Movie Review: “Welcome to the Punch”

James McAvoy, Mark Strong, David Morrissey, Peter Mullan, Andrea Riseborough, Daniel Mays
Eran Creevy

The British film industry is overflowing with a wealth of talent, which is what makes its poor output of quality movies so maddening. While there’s never been a short supply of stuffy period dramas and gritty gangster flicks, very few other genres have managed to find much success overseas. Evan Creevy’s sophomore effort, “Welcome to the Punch,” attempts to bridge that gap by delivering a Hollywood-style crime thriller on an indie budget, but although he’s landed an impressive cast of A-list British talent, it’s mostly squandered on a bland and overly predictable script. “Welcome to the Punch” displays a lot more potential than the recently released “The Sweeney,” but it still falls short due a lack of suspense and personality.

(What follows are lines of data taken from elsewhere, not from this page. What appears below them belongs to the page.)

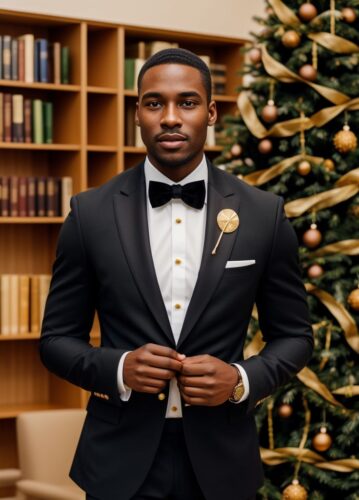 Black Man with Gold Pocket Square in Library with Christmas Tree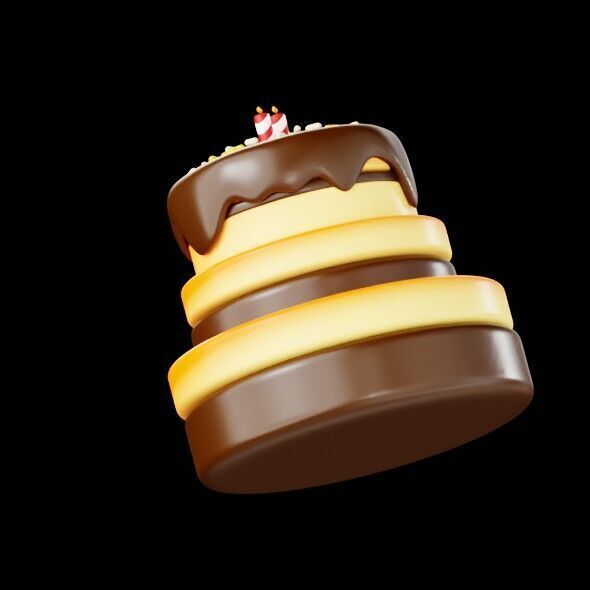 3D Render of a Birthday Cake 3D model_9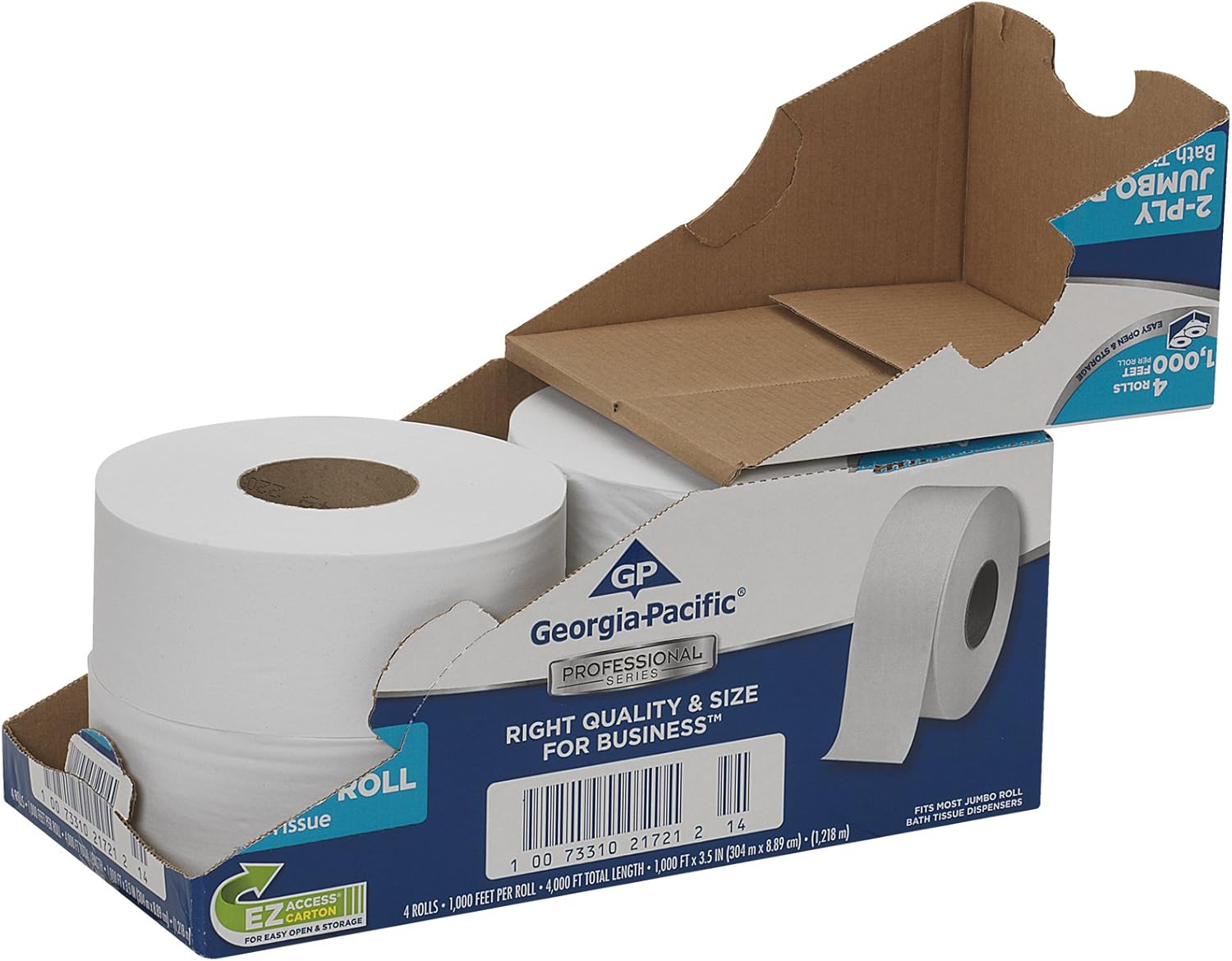Georgia-Pacific Professional Series Jumbo Jr. 2-Ply Toilet Paper by GP PRO (Georgia-Pacific), 2172114, 1000 Feet Per Roll, 4 Rolls Per Case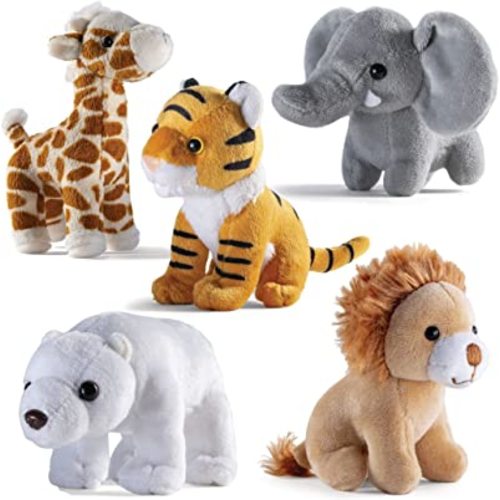 PREXTEX Safari Friends Stuffed Animal Gift Set - 5 Small Plush (Giraffe, Tiger, Lion, Polar Bear, Elephant) Zoo Animals - Machine Washable Stuffed Animals for Boys & Girls Ages 3-5+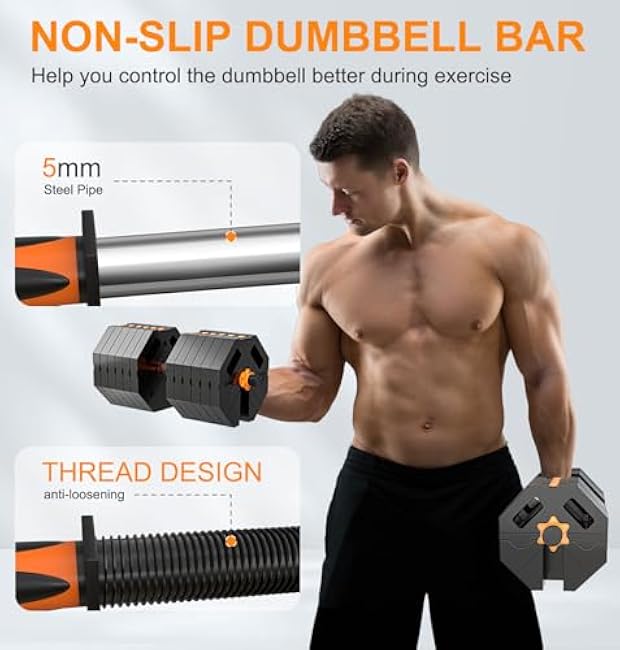 Adjustable Dumbbells Women Men 20LBS/30LBS/40LBS/60LBS Weight Set with Connector, 5 in 1 Dumbbells Set Used as Barbell, Kettlebells, Weightlift, Push Up Stand, Weight Plate, Fitness Exercises for Home Gym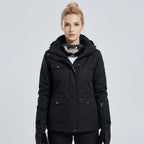 Women's fleece lined winter coat, back view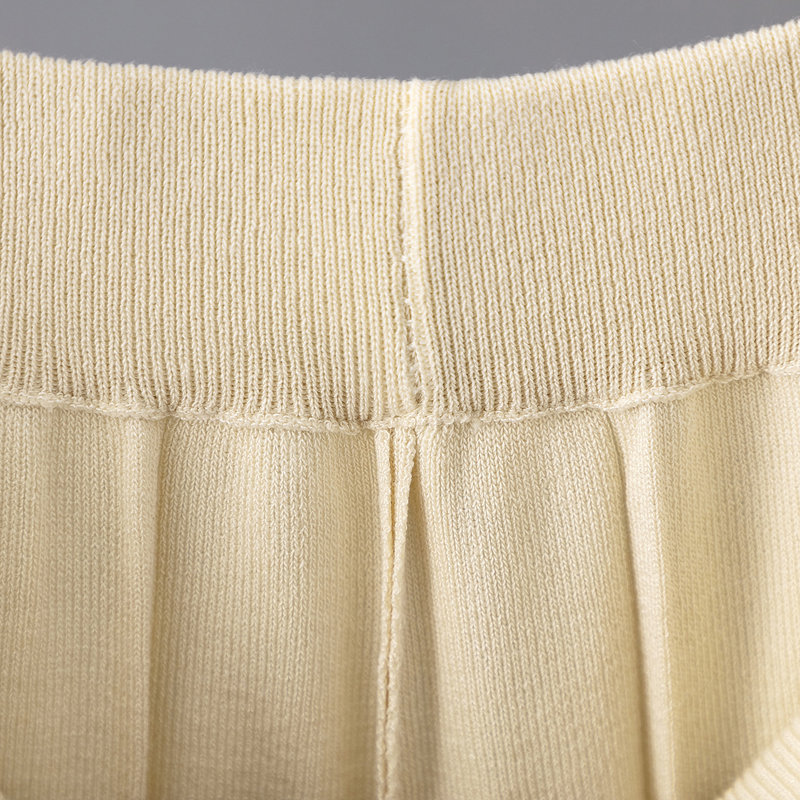 Chaleco sin mangas de color liso para mujer, suéter, pantalones de pierna ancha, traje de seda de hielo de talla grande_voghion.com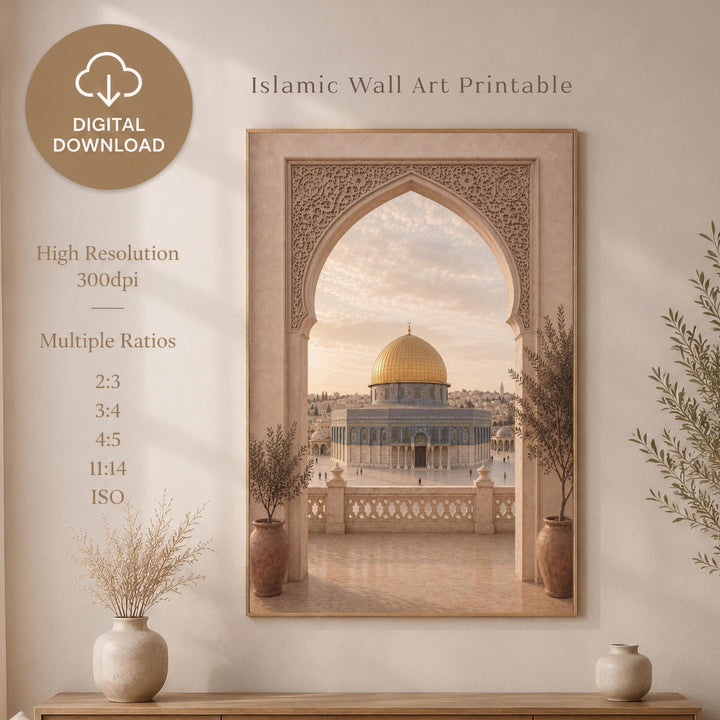Dome of the Rock inspired wall art with arches and warm earth tones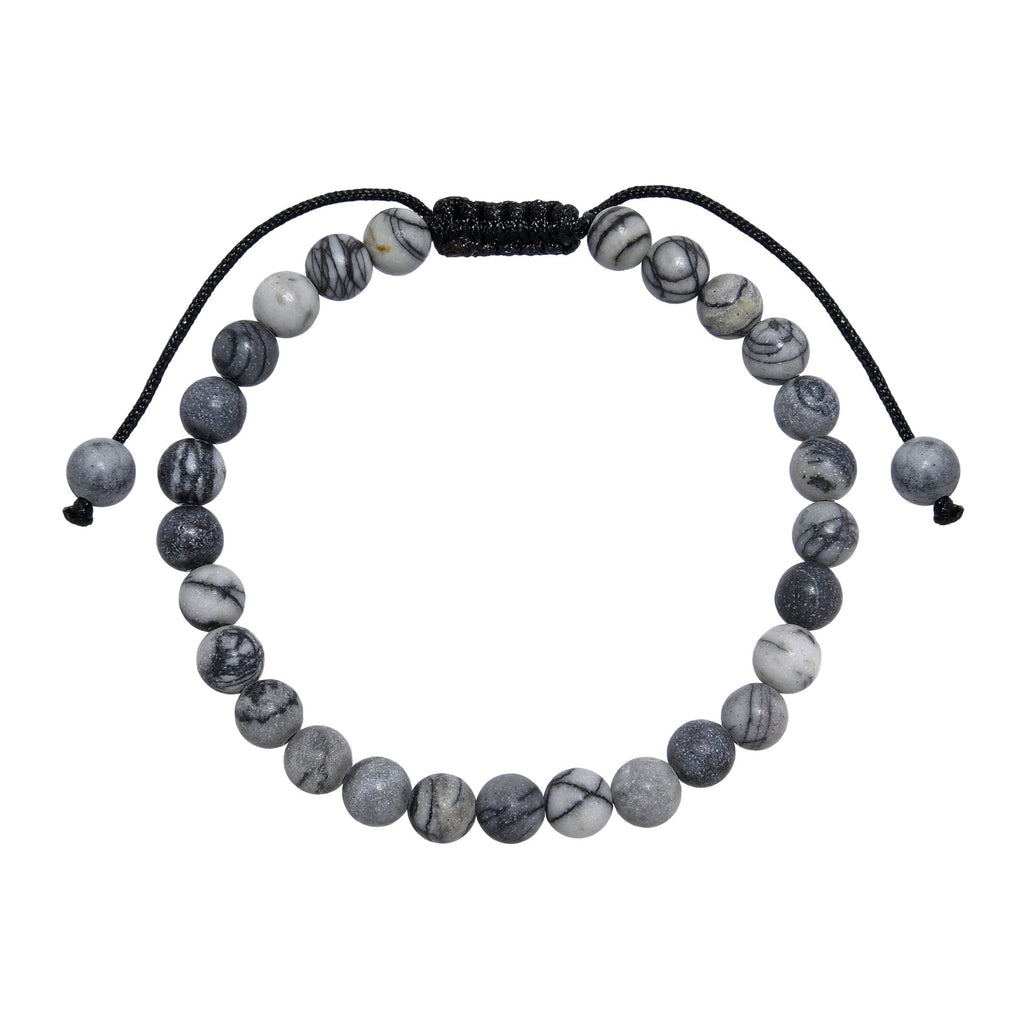 Black Network Stone-Matte Braided Bracelet B4153-Black Network Stone-Matte - 6MM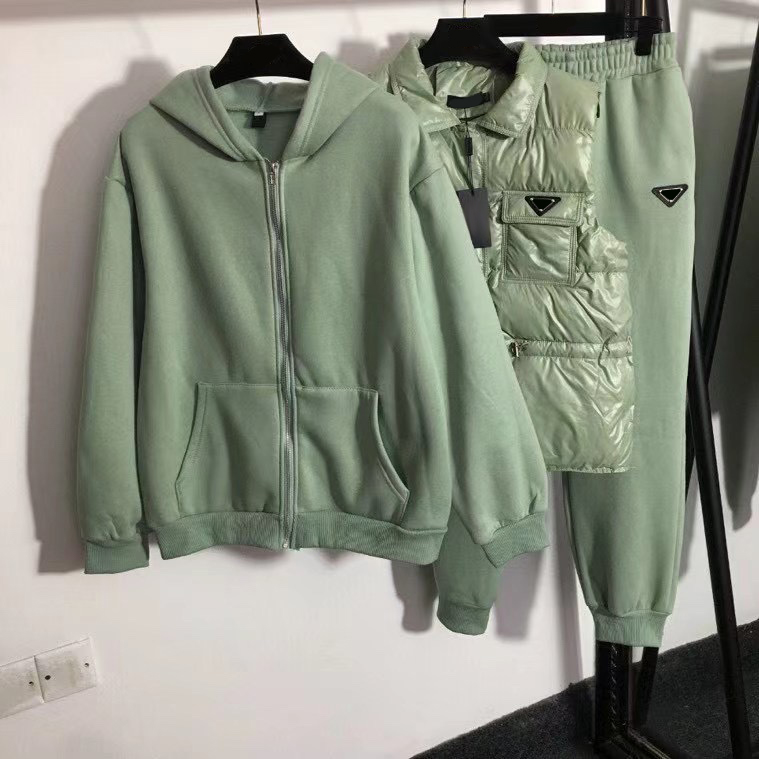 

Casual Down Vests Tracksuits Zipper Hooded Coats Autumn Winter Plush Pants Women Thick Warm 3 Piece Set, Black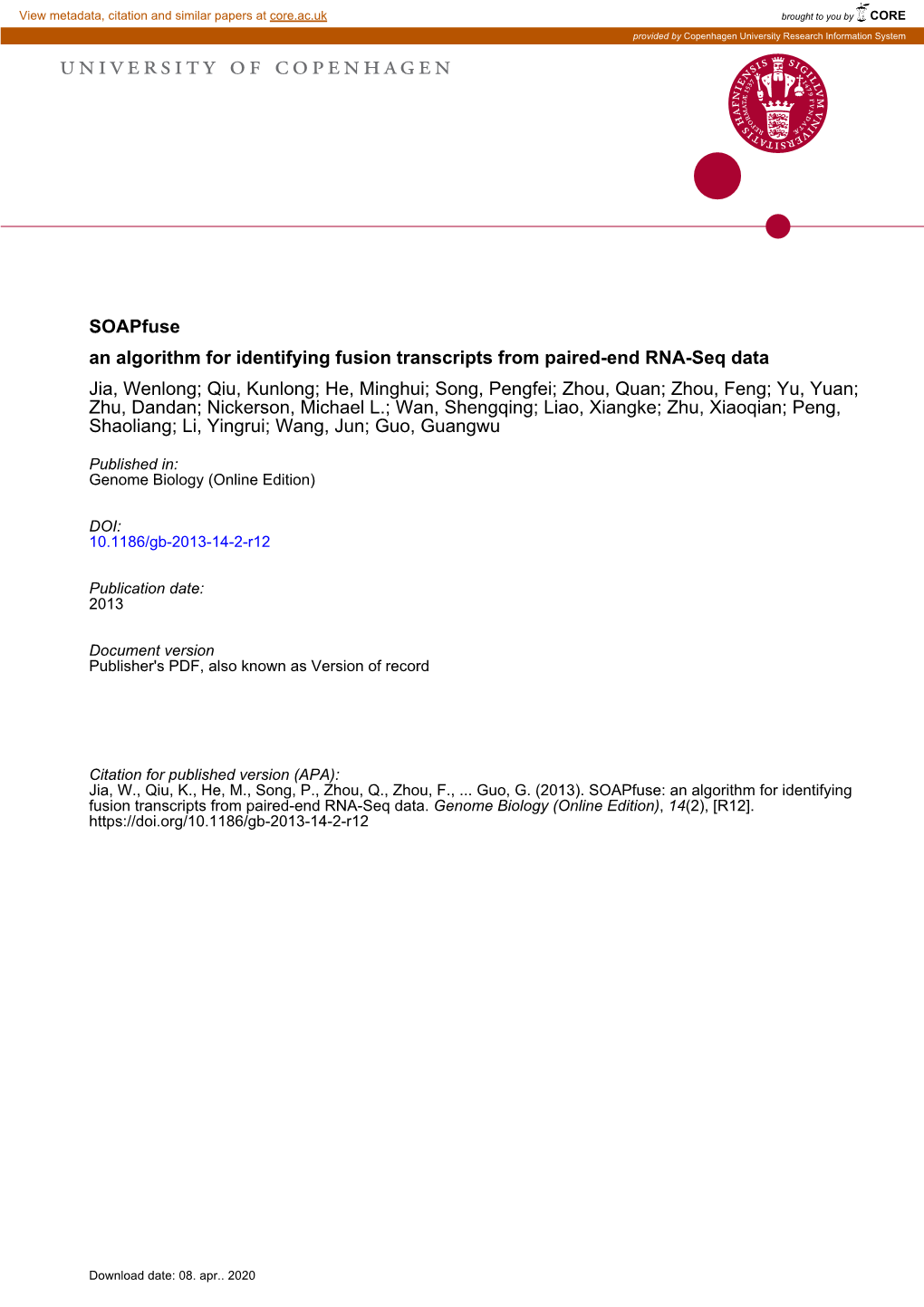 Soapfuse: an Algorithm for Identifying Fusion Transcripts from Paired-End RNA-Seq Data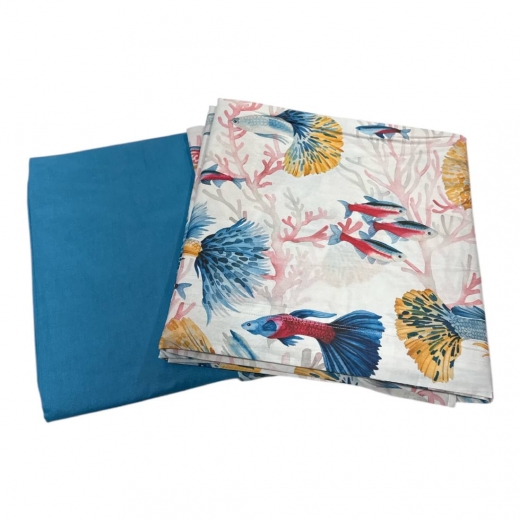 Lenzuola Happidea Lenzuola Singola Reef Blu Made In Italia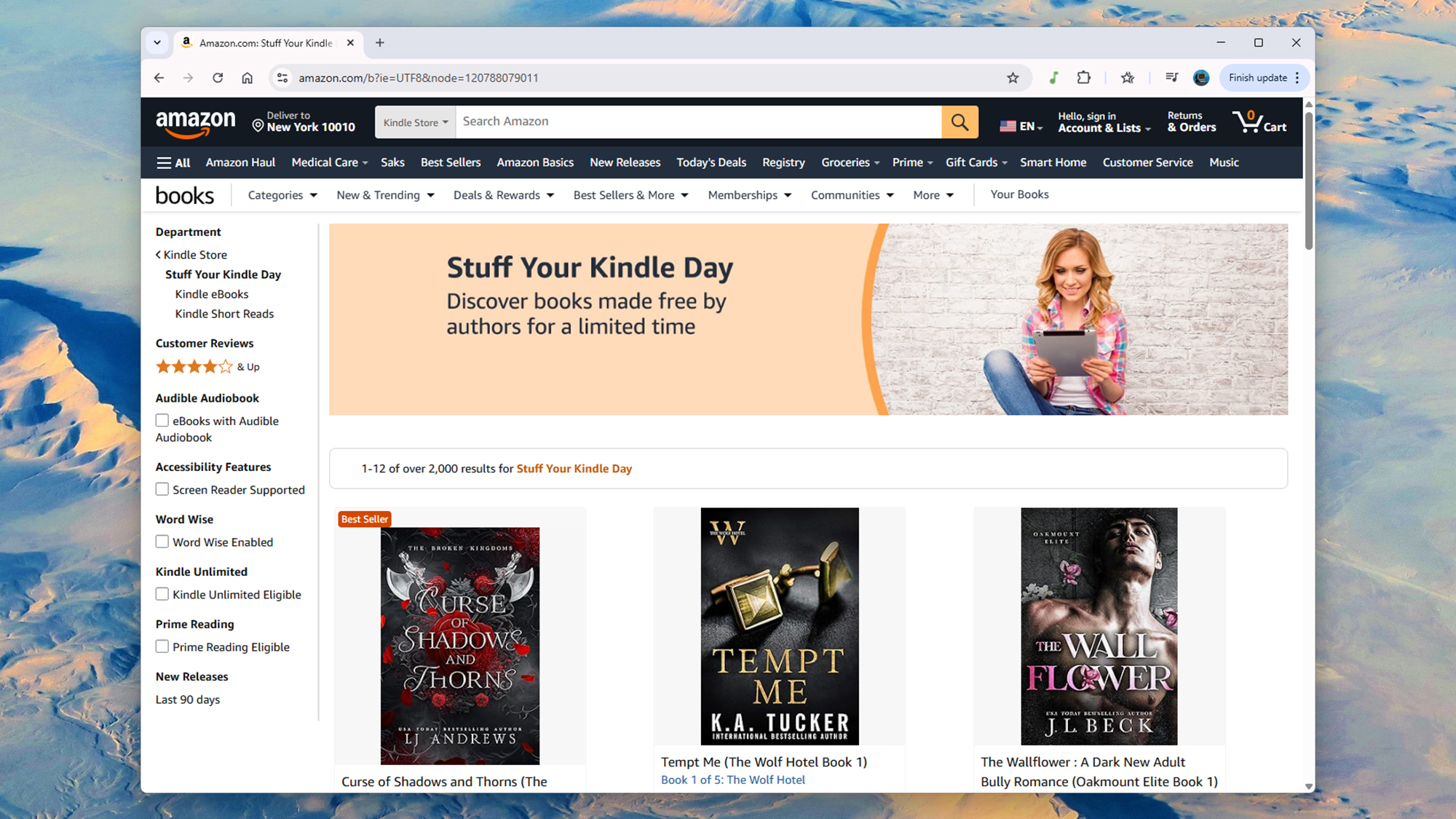 screenshot of stuff your kindle day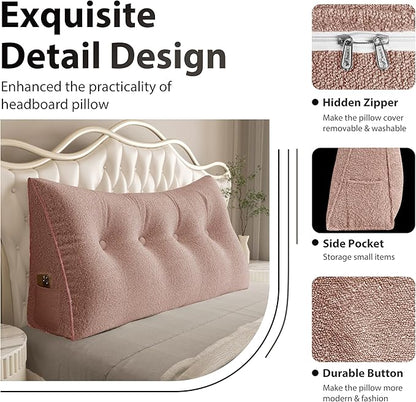 8 lbs Thickened Twin Wedge Pillow Headboard College Dorm Bed Velvet Wedge Pillow Backrest Triangular Headboard Pillows with Side Pocket, Dorm Bedding Essentials for Girls & Boys, Pink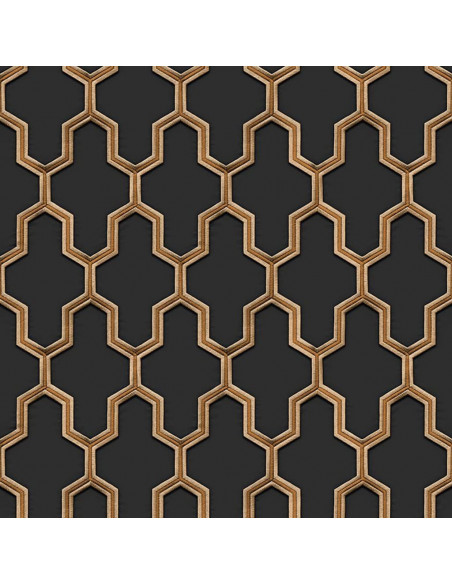 DUTCH WALLCOVERINGS Carta da Parati Geometric Nero e Oro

Ambitious young detective Max Lewinsky (James McAvoy) is hot on the trail of master thief Jacob Sternwood (Mark Strong), but after tracking him down to the scene of his latest heist in progress, Sternwood manages to escape and Max gets a bullet in the kneecap for his troubles. Three years later, Jacob is still coping with the events of that night (the scar and accompanying knee pain a constant reminder of his failure), but when Sternwood’s son is fatally wounded during a gun deal gone wrong, Sternwood emerges from his Icelandic hideaway to smoke out the men responsible. Convinced that Sternwood’s vendetta will lead him back to London, Max is given another chance to capture the elusive criminal, only to uncover a deeper conspiracy within his own police department connecting the two crimes.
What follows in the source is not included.